Populating the queue:
In our scenario we wanted to abstract the population of the queue by creating an endpoint that would populate our queue. This means our clients pushing to the queue don’t need to know how to interact with SQS directly, or even know which queue they should populate. They just need to send a web request with some JSON. Our endpoint was built using the express module which you can read more about here.
So the client just sends a JSON object to our endpoint, then we parse fields out of that JSON request in order to build a queue message like so:
const AWS = require('aws-sdk')
AWS.config.update({region: 'US-WEST-2'});const sqs = new AWS.SQS();const params = {
MessageAttributes: {
"originbucket": {
DataType: "String",
StringValue: "myOriginBucket"
},
"originkey": {
DataType: "String",
StringValue: "myOriginKey"
},
"destinationbucket": {
DataType: "String",
StringValue: "myDestBucket"
},
"destinationkey": {
DataType: "String",
StringValue: "myDestKey"
}
},
MessageBody: JSON.stringify("myMessageBody"),
QueueUrl: "https://sqs.us-west-2.amazonaws.com/#/myQueueName",
MessageGroupId: "myMessageGroupId"
};
sqs.sendMessage(params, function(err, data) {
if (err) console.log(err, err.stack); // an error occurred
else console.log(data); // successful response
})
As you can see we import aws-sdk then create a new SQS class which we can use to sendMessage. The only setup we need to do is to build our params. In our use case we are doing some processing on a file that exists in S3 so we add some attributes that allow our consumer app to know where to retrieve the file (originbucket/originkey), and where it should save the output once it’s done processing the item (destinationbucket/destinationkey).
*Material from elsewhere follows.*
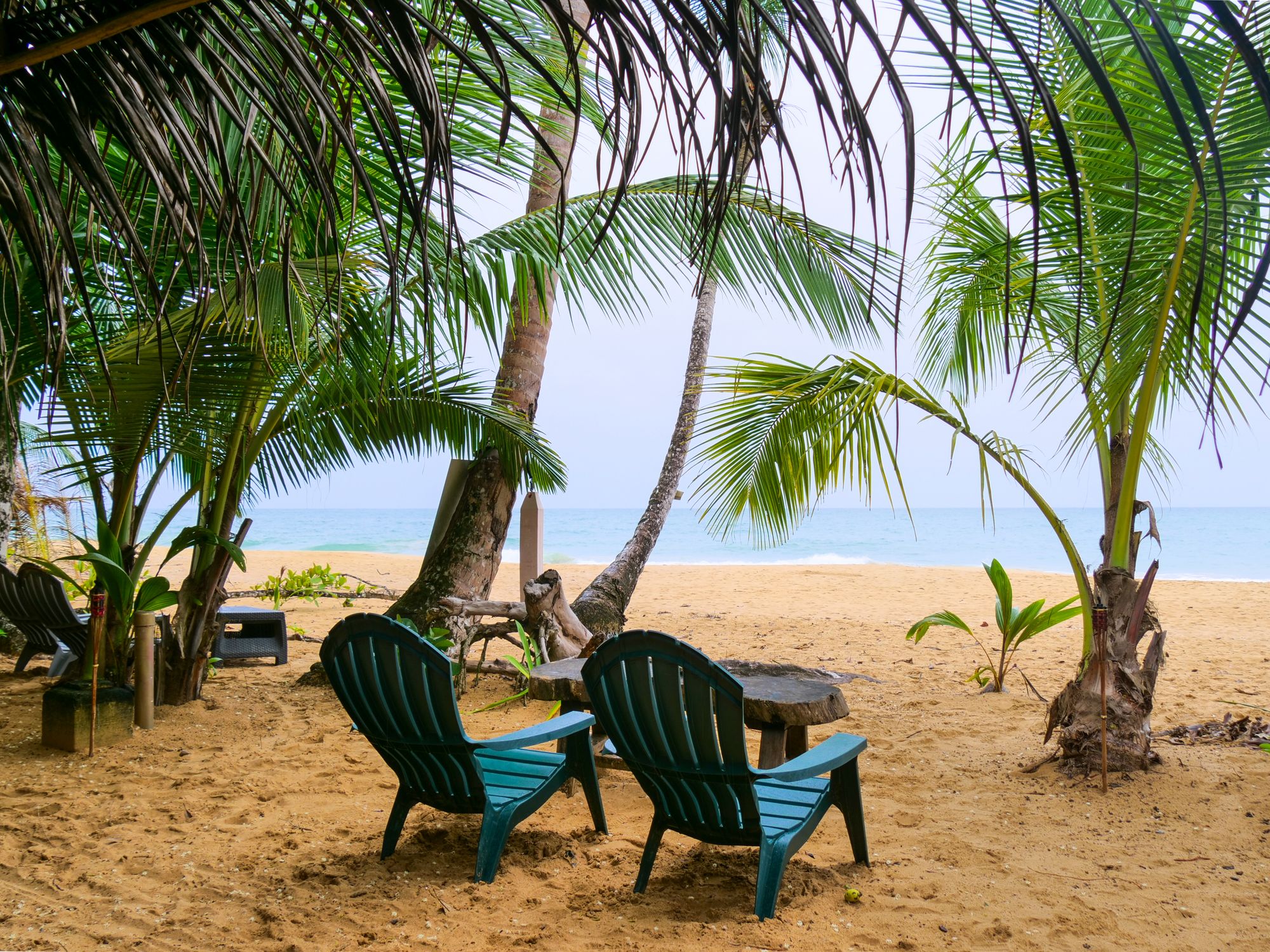 Chaises et table sous les palmiers devant la plage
Notes: Don’t forget to set the region see (line 2) or you will most likely encounter errors.
Consuming the queue:
const Consumer = require('sqs-consumer');const app = Consumer.create({
queueUrl: "https://sqs.us-west-2.amazonaws.com/#/myQueueName",
handleMessage: async (message, done) => {
try {
const msg = JSON.parse(message.Body)
// do stuff with msg
done();
}
catch(error) {
console.log(error)
done(error);
}
}
});
As you can see we used the sqs-consumer module which simply requires you to set a queueUrl and then build a function that runs on your message. In our case we built a handler module that we send the message to in place of // do stuff with msg that performs the rest of the processing (i.e. conversion from PDF to JSON) by accessing the fields on our JSON message (originbucket, originkey, destinationbucket, and destinationkey). Once you are done processing the item you just need to call done(); and the item will be deleted from the queue. Until done(); is called the message is considered to be “in flight”. Calling done(error); will cause the item to be placed back onto the queue rather than being removed or remaining in flight. It isn’t shown here, but when this happens we are actually sending a slack notification so we are aware of the issue and can look into it.